Question

An incompressible liquid is filled in a container. There is air above the liquid and a massless movable piston with a hole is also placed on the air. A thin capillary tube of inner radius 0.1 mm is dipped vertically into the liquid through the hole on the piston as shown in the figure. The air in the container is isothermally compressed from the original volume V₀ to \(\frac{100}{101}\)V₀ with the movable piston.

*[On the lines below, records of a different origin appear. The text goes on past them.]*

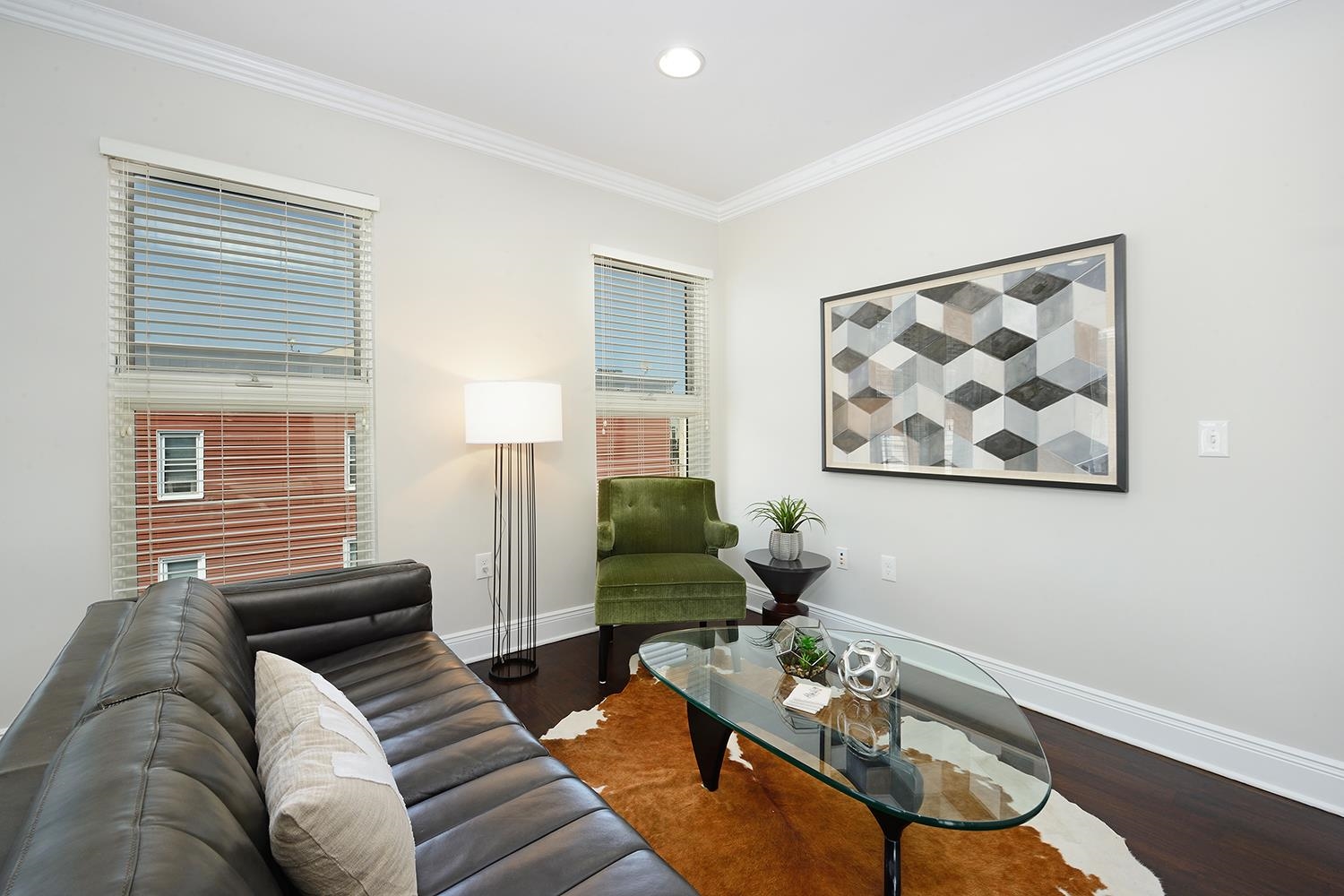 619 Adams Street, Unit 509 Hoboken, NJ 07030 - Photo 10 of 29 a living room with furniture and wooden floor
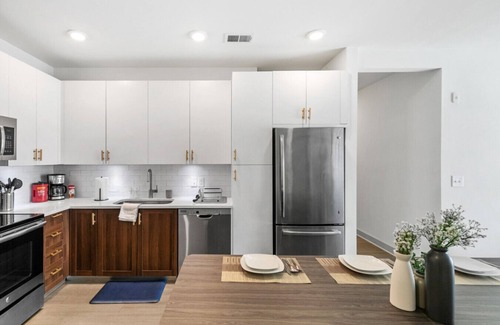 Forest Park Apartment | Urban Elegance: 3BR Condo Experience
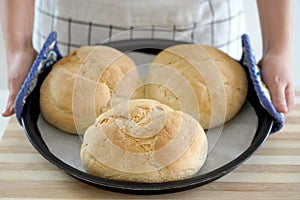 Woman showing three homemade loaves of bread in baking tray freshly baked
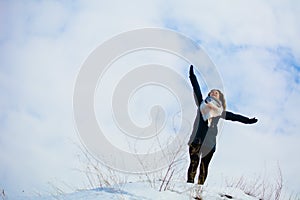 Girl in winter stands on a hill with his hands up. concept of freedom or victory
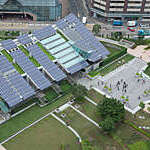 Aerial view of long strips of solar panels on the roof of a building. 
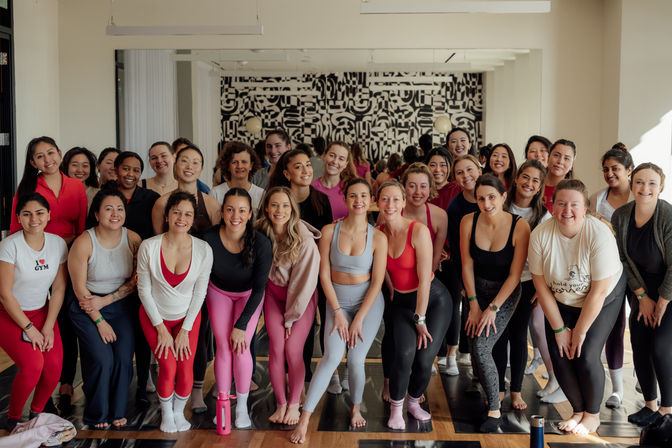 Smiling group of women in colorful activewear posing on yoga mats in a bright indoor fitness studio with hardwood floors, a mirrored wall and black-and-white mural — upbeat group yoga/fitness class vibe.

Considering air as an ideal gas, the height (h) of the liquid column in the capillary above the liquid level in cm is:

(given T_water =0.075N/m, P₀=10⁵N/m² , g=10m/sec²,  \(\rho l\)=10³ kg/m³, \(\theta=0\))

Answer 1

Correct Answer: 25

 

Pressure-Volume Relation and Height Calculation

Given that \( T \) is constant: \[ PV = \text{constant} \]

From this, we get the relation between pressure and volume: \[ P \propto \frac{1}{V} \]

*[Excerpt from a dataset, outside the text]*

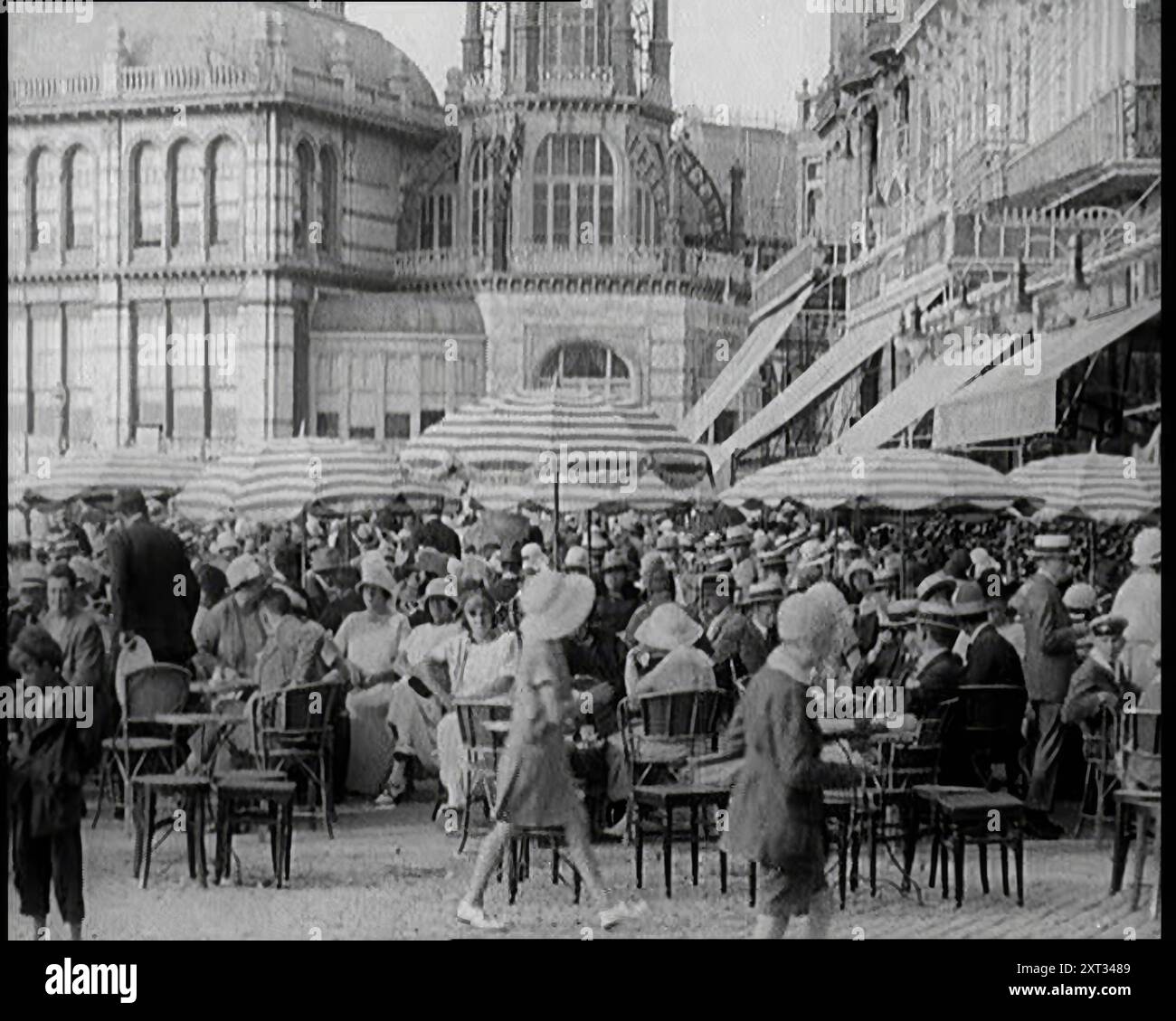 Scena del film "il marito obbligatorio": Folle di vacanzieri seduti nei caffè all'aperto degli anni '1920 "I visitatori di Deauville negli anni Venti potrebbero aver capito che era un posto piuttosto sfarzoso e rispettabile. AHA, ma non proprio la Deauville del paravento d'argento. Da Time to Remember - Came the Dawn, 1925 (Reel 3); dai un'occhiata all'industria cinematografica britannica degli anni '1920 - clip di grandi film muti e notiziari. Foto Stock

If the volume changes by a factor of \( \frac{100}{101} \), the pressure changes by a factor of \( \frac{101}{100} \). Thus, the pressure becomes: \[ P_f = 1.01 \times P_0 \]

The equation for the pressure difference is: \[ P_0 - \frac{2T}{R} = 1.01 P_0 - \rho g h \]

Rearranging this to solve for \( \rho g h \): \[ \rho g h = 0.01 P_0 + \frac{2T}{R} \]

Now, substituting the given values: \[ (10^3)(10)h = (0.01)(10^5) + \frac{2 \times 0.075}{0.1 \times 10^{-3}} \]

Solving for \( h \): \[ h = \frac{2500}{10^4} \, \text{m} = 25 \, \text{cm} \]